Once you pry your eyes away from the fluvial panorama, First China looks like your typical Chinese establishment along Buford Highway. The room is large and spare, with a raised, carpeted stage in its center to accommodate marriage banquets (the phoenix and dragon depicted on the wall behind the stage symbolize blissful matrimony). Two columns in the center of the room resemble either dumb bells or stripper polls, depending on your mental disposition.
I'll confess that Chinese restaurants tend to vex me, in part because I'm spoiled. I had a good friend in high school, Audrey, whose parents were from Taiwan, and they could throw down in the kitchen. They had ducks hanging upside down in the garage, a professional stove with an intimidating gas range for wok cooking -- the whole shebang. I happily ate anything they fed me. When Audrey and I both ended up in Boston for college, I would join her family for meals in Chinatown. Her father or aunt would whisper with the servers, and out would come these exquisite, unusual dishes that certainly did not grace the tables of the non-Chinese-speaking folks sitting nearby.
So now when I visit Chinese restaurants, sans translator, I long to be back in the club. I want the good stuff. Alas, unless I feel up for snooping and vigorously gesturing at the off-the-menu delicacies the Chinese patrons are enjoying, I stick to the list of options provided in English.
Not that the choices are limited at First China.

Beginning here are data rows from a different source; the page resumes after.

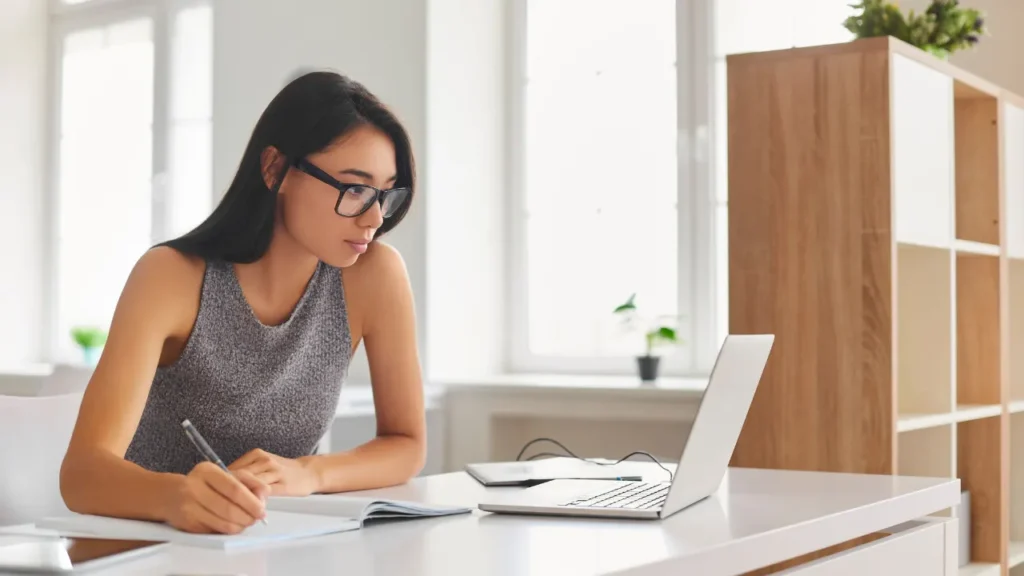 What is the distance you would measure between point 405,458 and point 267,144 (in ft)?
1.76

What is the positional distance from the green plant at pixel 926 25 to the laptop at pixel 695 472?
165 centimetres

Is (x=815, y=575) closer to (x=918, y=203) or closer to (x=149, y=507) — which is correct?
(x=149, y=507)

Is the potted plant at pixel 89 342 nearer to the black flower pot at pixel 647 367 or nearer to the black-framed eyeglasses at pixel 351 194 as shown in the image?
the black flower pot at pixel 647 367

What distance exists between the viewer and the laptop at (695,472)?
4.65 feet

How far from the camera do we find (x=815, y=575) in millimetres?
1404

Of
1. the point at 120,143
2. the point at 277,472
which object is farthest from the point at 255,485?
the point at 120,143

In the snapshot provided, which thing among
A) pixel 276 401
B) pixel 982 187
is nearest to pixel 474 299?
pixel 982 187

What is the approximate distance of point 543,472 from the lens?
1856mm

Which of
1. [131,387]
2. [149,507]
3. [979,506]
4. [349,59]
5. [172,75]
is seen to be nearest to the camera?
[149,507]

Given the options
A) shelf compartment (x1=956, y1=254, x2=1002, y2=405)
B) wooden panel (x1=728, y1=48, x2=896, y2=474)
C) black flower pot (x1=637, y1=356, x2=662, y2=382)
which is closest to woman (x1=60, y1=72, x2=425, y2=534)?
wooden panel (x1=728, y1=48, x2=896, y2=474)

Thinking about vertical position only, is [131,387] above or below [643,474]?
above

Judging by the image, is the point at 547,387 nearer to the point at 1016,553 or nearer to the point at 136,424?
the point at 1016,553

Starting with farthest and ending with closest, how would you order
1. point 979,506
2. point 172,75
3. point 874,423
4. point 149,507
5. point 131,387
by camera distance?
point 172,75 < point 979,506 < point 874,423 < point 131,387 < point 149,507

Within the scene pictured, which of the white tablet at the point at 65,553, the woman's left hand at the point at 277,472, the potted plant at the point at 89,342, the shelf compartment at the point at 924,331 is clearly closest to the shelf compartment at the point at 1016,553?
the shelf compartment at the point at 924,331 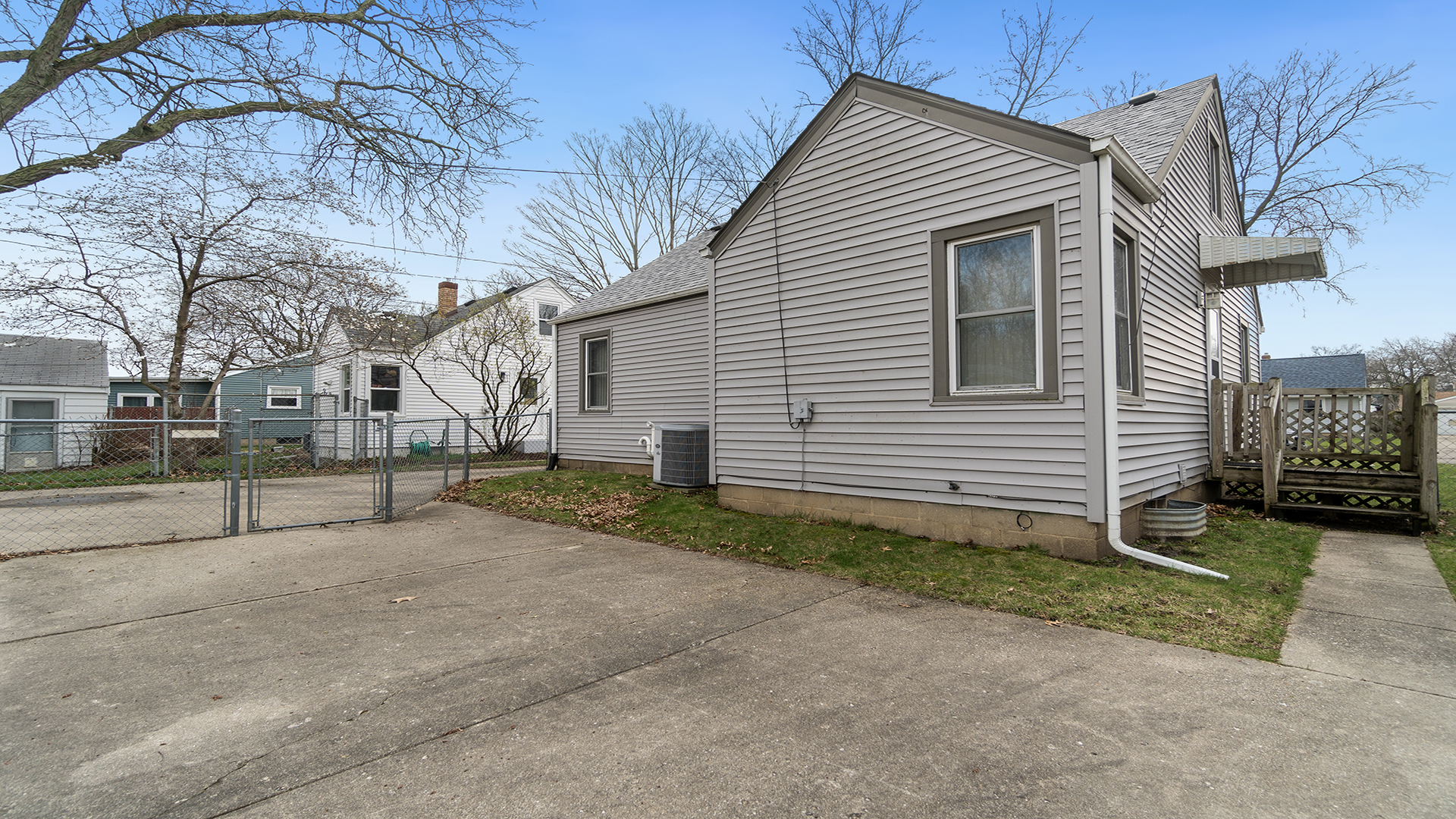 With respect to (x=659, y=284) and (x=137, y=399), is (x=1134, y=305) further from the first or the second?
(x=137, y=399)

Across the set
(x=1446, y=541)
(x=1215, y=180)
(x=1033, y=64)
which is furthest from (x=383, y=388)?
(x=1446, y=541)

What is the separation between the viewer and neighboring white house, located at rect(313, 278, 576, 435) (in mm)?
18812

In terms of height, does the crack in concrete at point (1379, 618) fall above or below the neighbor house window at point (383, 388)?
below

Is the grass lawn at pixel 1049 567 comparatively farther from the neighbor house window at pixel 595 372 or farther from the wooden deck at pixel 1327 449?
the neighbor house window at pixel 595 372

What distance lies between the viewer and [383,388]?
19.5 m

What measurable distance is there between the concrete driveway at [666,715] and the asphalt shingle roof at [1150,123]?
5.57 m

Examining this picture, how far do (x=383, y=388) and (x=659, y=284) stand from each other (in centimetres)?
1220

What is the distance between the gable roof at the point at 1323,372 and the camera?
30.7 metres

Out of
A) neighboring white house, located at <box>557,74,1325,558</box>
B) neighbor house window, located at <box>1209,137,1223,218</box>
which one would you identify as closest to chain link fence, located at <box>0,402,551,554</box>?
neighboring white house, located at <box>557,74,1325,558</box>

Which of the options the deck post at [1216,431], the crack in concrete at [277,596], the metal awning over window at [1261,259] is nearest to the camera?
the crack in concrete at [277,596]

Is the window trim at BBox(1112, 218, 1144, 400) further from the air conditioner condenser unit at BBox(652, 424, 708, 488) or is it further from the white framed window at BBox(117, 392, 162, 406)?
the white framed window at BBox(117, 392, 162, 406)

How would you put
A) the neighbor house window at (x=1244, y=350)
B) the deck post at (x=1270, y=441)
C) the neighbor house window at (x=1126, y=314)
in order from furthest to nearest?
the neighbor house window at (x=1244, y=350) < the deck post at (x=1270, y=441) < the neighbor house window at (x=1126, y=314)

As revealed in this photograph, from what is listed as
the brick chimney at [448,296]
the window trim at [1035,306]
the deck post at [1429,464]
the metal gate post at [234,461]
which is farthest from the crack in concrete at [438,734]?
the brick chimney at [448,296]

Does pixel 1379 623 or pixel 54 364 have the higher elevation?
pixel 54 364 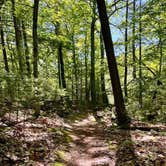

There are more than 250 items, and that doesn't include the 40 dim sum choices that are available daily at lunch. Possibilities range from the standard Americanized offerings with the ridiculous names (the infamous General Tso, the insipid melange of vegetables that probably would not have brought Buddha much delight at all) to preparations that admittedly don't have much appeal to most Western palates. Intestines with sour cabbage, anyone?
I tend toward choices that fall somewhere between the above extremes. Preserved egg and fish soup falls into that category. It looks and tastes like egg drop soup, but includes delicate flakes of fish and bits of the glossy preserved egg (sometimes poetically named 1,000-year-old egg) that add more texture than flavor. Yummy. Their take on wanton soup, though, is awfully bland. The broth needs more depth and the shrimp and pork wantons need to be more aggressively seasoned. Pass the soy sauce.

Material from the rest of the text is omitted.